= The data =
------------------------------------------------------------------------

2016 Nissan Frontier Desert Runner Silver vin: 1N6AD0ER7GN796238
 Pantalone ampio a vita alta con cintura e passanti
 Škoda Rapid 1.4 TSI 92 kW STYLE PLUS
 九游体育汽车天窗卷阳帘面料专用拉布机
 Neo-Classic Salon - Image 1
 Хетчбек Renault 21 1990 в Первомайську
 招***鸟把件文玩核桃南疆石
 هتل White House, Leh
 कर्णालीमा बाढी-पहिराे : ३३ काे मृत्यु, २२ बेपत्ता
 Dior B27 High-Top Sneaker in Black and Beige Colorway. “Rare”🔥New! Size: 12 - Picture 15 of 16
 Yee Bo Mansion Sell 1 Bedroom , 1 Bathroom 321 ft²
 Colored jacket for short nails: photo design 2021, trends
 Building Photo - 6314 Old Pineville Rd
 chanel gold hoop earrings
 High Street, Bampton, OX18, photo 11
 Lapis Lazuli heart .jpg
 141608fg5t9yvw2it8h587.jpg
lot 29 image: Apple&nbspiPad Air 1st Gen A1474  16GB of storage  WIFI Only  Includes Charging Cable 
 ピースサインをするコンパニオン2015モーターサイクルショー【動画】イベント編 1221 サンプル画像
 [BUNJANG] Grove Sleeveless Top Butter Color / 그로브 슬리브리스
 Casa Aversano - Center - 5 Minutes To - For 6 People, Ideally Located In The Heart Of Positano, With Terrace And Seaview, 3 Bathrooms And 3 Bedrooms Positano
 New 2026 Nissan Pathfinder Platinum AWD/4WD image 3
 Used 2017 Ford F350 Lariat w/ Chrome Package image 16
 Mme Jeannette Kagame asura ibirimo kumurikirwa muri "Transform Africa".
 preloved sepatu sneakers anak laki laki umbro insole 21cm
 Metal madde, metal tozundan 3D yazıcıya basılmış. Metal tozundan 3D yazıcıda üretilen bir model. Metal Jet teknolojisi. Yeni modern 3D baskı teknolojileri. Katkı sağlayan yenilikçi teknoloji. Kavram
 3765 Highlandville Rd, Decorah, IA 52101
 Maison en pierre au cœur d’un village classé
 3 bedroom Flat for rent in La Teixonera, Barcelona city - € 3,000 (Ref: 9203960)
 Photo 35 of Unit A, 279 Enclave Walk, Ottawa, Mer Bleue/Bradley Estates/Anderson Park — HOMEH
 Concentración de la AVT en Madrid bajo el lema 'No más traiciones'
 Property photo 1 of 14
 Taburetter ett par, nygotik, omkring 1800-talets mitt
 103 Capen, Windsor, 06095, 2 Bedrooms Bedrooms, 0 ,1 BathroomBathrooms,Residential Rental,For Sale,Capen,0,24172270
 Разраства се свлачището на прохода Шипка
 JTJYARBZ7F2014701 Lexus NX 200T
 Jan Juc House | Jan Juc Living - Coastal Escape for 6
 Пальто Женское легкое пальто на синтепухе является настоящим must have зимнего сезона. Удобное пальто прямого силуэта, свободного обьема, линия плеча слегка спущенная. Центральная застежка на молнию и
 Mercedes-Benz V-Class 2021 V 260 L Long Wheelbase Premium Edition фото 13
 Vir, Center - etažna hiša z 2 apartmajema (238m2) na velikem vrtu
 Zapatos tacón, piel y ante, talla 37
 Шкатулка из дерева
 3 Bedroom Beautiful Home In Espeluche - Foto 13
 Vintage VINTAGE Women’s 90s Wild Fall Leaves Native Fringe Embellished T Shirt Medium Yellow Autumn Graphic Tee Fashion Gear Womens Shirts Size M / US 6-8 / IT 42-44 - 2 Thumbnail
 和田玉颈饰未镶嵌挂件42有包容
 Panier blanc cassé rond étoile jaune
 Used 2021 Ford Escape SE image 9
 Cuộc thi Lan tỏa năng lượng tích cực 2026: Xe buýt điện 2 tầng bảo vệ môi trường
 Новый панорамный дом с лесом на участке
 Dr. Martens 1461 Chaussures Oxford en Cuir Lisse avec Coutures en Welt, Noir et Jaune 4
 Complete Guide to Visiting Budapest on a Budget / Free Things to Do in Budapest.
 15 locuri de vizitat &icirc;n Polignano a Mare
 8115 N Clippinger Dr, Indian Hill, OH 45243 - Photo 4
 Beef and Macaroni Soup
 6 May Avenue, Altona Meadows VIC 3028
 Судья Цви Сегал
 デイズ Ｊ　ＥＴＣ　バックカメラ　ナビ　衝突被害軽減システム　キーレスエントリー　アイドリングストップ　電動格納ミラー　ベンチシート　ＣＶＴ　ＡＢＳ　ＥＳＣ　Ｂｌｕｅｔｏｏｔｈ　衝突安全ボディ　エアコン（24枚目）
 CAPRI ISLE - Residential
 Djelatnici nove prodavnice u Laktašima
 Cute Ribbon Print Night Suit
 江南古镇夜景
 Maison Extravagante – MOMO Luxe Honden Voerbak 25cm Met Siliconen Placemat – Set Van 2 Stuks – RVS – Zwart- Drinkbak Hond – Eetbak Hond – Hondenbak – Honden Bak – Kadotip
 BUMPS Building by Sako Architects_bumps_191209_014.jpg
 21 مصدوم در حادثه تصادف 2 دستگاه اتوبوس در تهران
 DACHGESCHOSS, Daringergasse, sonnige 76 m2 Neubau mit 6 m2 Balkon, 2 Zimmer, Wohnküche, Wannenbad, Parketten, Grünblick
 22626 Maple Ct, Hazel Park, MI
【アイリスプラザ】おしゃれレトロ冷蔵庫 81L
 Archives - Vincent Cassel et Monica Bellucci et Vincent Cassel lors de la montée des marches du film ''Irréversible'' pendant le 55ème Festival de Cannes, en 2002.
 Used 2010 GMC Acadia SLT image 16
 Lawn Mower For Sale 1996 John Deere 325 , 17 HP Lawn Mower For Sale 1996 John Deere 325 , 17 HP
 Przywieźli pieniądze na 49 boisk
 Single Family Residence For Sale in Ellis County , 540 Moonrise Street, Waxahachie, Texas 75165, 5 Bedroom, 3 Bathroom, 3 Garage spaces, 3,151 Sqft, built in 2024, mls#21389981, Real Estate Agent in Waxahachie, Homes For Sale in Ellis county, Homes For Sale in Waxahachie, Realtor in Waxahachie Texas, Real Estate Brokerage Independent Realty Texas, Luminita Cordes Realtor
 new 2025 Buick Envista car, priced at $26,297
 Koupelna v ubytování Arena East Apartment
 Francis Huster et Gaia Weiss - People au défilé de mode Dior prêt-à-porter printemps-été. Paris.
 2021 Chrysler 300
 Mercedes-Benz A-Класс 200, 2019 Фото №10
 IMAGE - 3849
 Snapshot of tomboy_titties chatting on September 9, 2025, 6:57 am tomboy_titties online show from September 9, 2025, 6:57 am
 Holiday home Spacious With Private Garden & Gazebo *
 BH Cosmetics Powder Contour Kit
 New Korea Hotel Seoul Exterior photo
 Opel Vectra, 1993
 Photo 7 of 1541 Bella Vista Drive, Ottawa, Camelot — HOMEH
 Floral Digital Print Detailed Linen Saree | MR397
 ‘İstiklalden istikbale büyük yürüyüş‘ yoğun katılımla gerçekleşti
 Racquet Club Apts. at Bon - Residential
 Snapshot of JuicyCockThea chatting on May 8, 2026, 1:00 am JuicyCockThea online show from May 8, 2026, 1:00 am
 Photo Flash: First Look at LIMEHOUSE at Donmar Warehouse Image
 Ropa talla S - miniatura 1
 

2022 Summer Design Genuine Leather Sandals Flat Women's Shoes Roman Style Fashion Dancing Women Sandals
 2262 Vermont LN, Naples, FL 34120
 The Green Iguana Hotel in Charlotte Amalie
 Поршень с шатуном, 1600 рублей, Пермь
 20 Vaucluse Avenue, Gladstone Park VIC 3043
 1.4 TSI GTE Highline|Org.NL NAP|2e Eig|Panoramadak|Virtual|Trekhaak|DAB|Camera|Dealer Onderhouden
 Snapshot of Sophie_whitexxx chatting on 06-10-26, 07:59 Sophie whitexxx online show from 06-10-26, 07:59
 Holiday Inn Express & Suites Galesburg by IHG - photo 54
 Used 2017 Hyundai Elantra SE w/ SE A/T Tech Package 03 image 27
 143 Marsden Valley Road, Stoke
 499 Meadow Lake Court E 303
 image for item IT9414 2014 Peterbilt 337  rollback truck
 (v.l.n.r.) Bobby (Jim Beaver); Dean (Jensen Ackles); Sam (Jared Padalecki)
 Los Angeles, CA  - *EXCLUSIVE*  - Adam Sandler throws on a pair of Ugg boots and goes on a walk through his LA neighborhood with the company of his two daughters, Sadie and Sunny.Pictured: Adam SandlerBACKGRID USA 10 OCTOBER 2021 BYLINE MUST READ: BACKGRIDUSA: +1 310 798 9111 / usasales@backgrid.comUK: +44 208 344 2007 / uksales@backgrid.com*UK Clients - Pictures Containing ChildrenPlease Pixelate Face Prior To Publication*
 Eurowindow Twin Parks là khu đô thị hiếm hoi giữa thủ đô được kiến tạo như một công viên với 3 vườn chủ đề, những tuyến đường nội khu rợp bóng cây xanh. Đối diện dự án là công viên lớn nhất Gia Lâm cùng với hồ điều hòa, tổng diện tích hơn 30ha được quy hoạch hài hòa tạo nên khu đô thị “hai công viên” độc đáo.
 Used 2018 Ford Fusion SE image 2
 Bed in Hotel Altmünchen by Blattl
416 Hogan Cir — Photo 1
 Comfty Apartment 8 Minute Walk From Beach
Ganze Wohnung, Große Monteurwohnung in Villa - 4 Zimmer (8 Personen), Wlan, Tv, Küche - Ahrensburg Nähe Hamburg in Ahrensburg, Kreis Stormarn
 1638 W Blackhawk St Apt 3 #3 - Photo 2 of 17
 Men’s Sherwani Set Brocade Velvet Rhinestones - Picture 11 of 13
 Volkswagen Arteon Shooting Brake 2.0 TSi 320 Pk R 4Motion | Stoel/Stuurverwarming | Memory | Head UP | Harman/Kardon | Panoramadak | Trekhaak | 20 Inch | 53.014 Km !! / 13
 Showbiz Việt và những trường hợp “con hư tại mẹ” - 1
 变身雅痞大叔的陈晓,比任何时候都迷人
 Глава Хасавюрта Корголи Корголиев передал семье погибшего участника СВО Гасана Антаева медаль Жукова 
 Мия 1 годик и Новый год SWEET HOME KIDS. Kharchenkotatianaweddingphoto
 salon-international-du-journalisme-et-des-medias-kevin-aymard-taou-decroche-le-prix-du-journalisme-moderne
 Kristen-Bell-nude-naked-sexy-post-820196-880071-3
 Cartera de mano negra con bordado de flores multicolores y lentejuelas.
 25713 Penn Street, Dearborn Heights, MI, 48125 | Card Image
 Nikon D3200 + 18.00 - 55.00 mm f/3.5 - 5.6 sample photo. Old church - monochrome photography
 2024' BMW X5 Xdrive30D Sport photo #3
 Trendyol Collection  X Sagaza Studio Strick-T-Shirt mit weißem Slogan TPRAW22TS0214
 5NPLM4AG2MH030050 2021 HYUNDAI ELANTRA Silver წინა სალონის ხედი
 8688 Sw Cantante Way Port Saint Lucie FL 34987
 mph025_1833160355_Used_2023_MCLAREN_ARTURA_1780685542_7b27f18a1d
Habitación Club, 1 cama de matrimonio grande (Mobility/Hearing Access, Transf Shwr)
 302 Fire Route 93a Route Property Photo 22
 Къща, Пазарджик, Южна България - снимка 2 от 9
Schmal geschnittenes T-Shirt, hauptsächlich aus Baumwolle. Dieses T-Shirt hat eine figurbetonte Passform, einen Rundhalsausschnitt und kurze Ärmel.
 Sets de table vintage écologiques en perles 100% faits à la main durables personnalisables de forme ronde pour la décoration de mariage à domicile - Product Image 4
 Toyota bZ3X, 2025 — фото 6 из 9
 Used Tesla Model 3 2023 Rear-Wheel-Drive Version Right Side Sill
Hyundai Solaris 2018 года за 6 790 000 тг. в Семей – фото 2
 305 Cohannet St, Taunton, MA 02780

------------------------------------------------------------------------

Your reply should consist only of the lines running from the line with "Used Tesla Model" to the end of the listing, retyped exactly.

 Used Tesla Model 3 2023 Rear-Wheel-Drive Version Right Side Sill
Hyundai Solaris 2018 года за 6 790 000 тг. в Семей – фото 2
 305 Cohannet St, Taunton, MA 02780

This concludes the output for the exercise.